Below are entries. Copy exactly the lines running from the line that holds "Blue Sapphire Ring" to the line that holds "Skunk Cool Cute", with both ends included.

> _Data to examine_
+++
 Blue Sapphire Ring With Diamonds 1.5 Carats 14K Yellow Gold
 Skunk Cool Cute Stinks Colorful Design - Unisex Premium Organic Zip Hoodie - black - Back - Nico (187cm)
+++
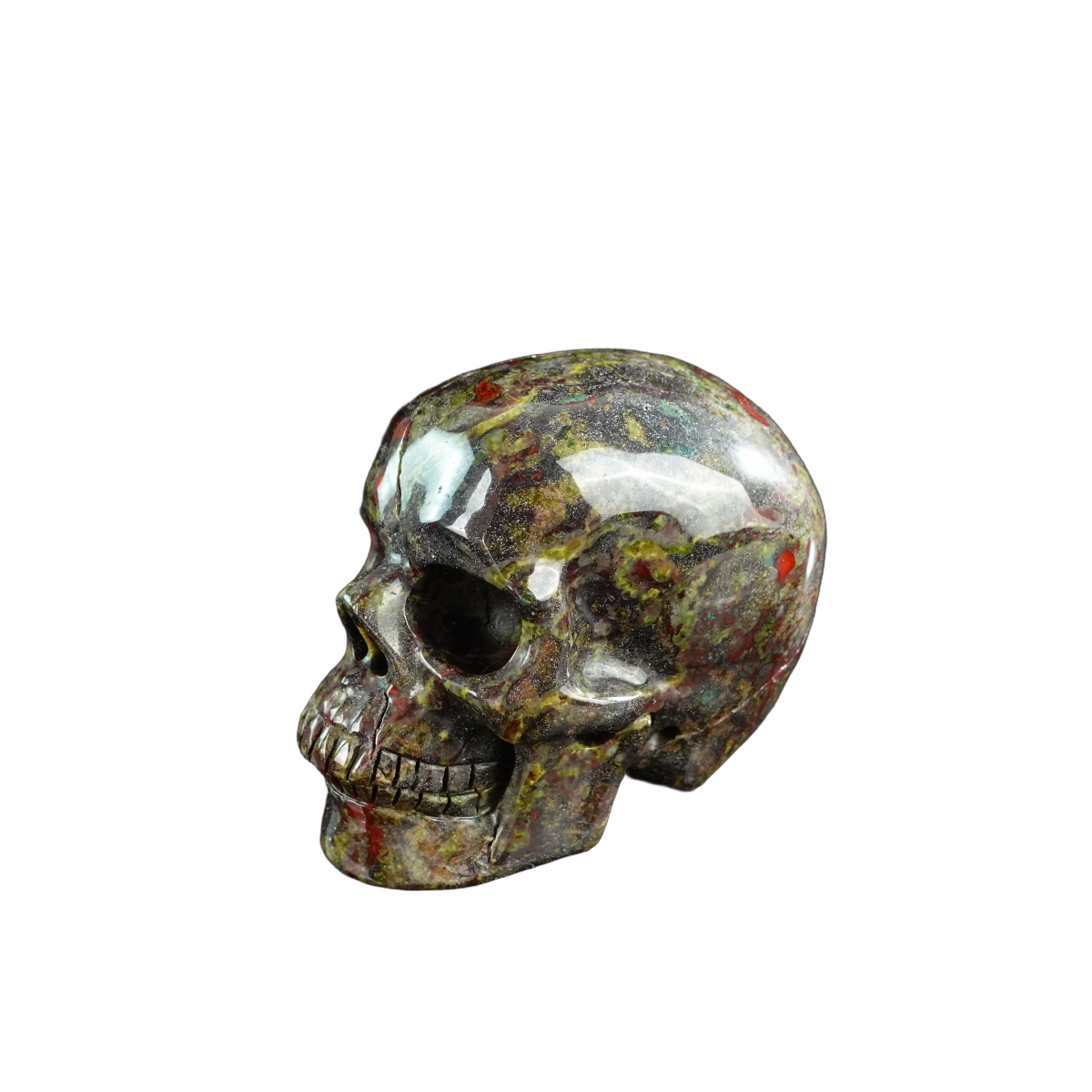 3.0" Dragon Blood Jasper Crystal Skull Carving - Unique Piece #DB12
+++
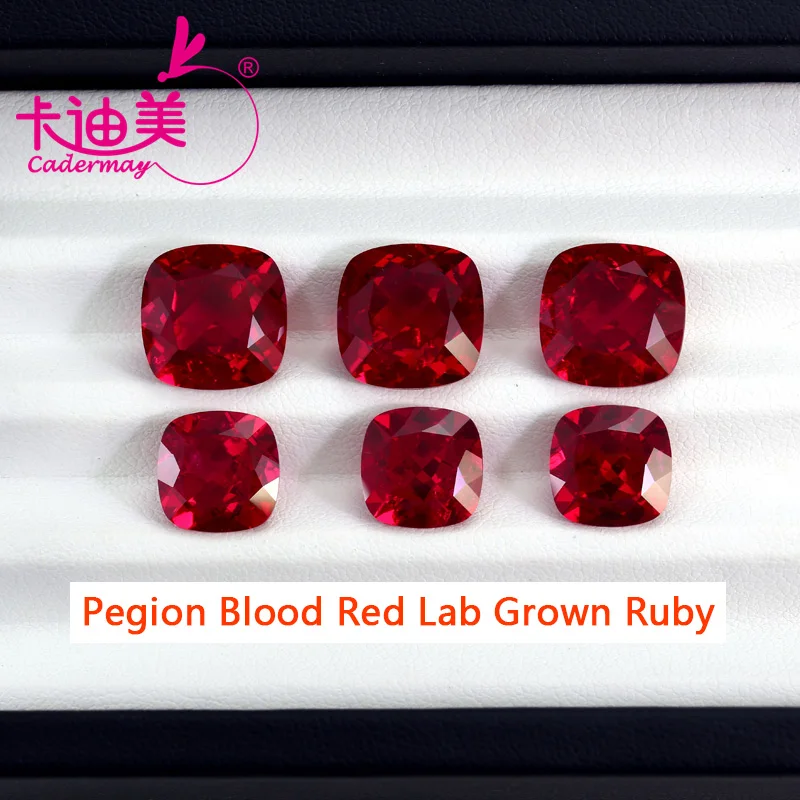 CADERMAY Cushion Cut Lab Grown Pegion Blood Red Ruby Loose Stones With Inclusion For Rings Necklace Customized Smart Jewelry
+++
> _Response box_
 Blue Sapphire Ring With Diamonds 1.5 Carats 14K Yellow Gold
 Skunk Cool Cute Stinks Colorful Design - Unisex Premium Organic Zip Hoodie - black - Back - Nico (187cm)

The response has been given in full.